The Karabakh Revival Fund (Qarabağ Dirçəliş Fondu) , established by the Decree of the President of the Republic of Azerbaijan Ilham Aliyev dated January 4, 2021, is a public legal entity that provides financial support and attracts investments to measures taken to restore and reconstruct the liberated territories of the Republic of Azerbaijan, as well as transform these territories into a region with a sustainable economy and high prosperity. It also develops public-private partnerships in this area and carries out the informational, awareness-raising, and promotional activities within and outside the country regarding the work being undertaken.

== History ==
The Second Karabakh War, which lasted from 27 September to 10 November 2020, ended with the victory of Azerbaijan. As a result, the Azerbaijani people liberated their territories from Armenian occupation through a great victory. The restoration of the country's territorial integrity was remembered as a demonstration of the supremacy of international law and national and moral values. The material and cultural assets of the territories that had been occupied for nearly 30 years were looted and destroyed by Armenian occupiers. The restoration and reintegration of the liberated territories is described as one of the main tasks facing the Azerbaijani state. For this purpose, the Karabakh Revival Fund public legal entity was established pursuant to a decree issued by President of the Republic of Azerbaijan Ilham Aliyev on 4 January 2021.

== Purpose ==
The main purpose of establishing the Karabakh Revival Fund as a public legal entity is to provide financial support and attract investment for measures aimed at the restoration and reconstruction of the liberated territories of the Republic of Azerbaijan, as well as their transformation into a region with a sustainable economy and high prosperity. The Fund is also intended to facilitate the development of public-private partnerships in this field and to carry out necessary promotional activities both within the country and abroad.
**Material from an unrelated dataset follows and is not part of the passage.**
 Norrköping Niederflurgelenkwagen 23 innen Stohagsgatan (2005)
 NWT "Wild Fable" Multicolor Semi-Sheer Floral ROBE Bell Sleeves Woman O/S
Another principal objective is to ensure modern and dignified living conditions for sustainable settlement in the liberated territories; carry out reconstruction, restoration, and improvement works in all areas; and support safe living, effective activity, and the sustainable growth of prosperity.

== Structure ==

=== Financing ===
The Fund's financial resources are formed from the following sources:

- donations from individuals and legal entities;
- grants;
- other sources not prohibited by law.

=== Leadership ===
According to the Presidential Decree, a Supervisory Board was established to exercise general management and oversight over the activities of the Karabakh Revival Fund. The current management of the Fund's activities is carried out by an Executive Board consisting of three members — a chairman and two deputies. The powers of the founder of the Fund are exercised by the President of the Republic of Azerbaijan. The powers of the President also include approving the Fund's charter and determining the amount of its charter capital, making amendments to them, approving its structure, establishing its governing bodies, appointing and dismissing members of the Supervisory Board, the Chairman of the Executive Board and the Chairman's two Deputies, as well as matters concerning liquidation and reorganization.

The composition of the Supervisory Board of the Karabakh Revival Fund was approved by Ilham Aliyev, pursuant to Article 109, Clause 32 of the Constitution of the Republic of Azerbaijan:
- Mikayil Jabbarov, Minister of Economy of the Republic of Azerbaijan (Chairman)
- Mukhtar Babayev, The Representative of the President of the Republic of Azerbaijan on Climate Issues
- Rovshan Rzayev, The Chairman of the State Committee for Affairs of Refugees and IDPs of the Republic of Azerbaijan
- Tural Ganjaliyev, Member of the Milli Majlis (National Parliament) of the Republic of Azerbaijan
- Fatma Yildirim, Member of the Milli Majlis (National Parliament) of the Republic of Azerbaijan
- Farhad Badalbeyli, Rector of the Baku Music Academy
- Adalat Muradov, Rector of Azerbaijan State University of Economics (UNEC)
- Kamal Abdullah, Rector of Azerbaijan University of Languages
- Alim Gasimov, People's Artist of the Republic of Azerbaijan.

=== Executive Board ===
In 2021, by an order of the President of the Republic of Azerbaijan Ilham Aliyev, Rahman Hajiyev was appointed Chairman of the Executive Board of the Fund.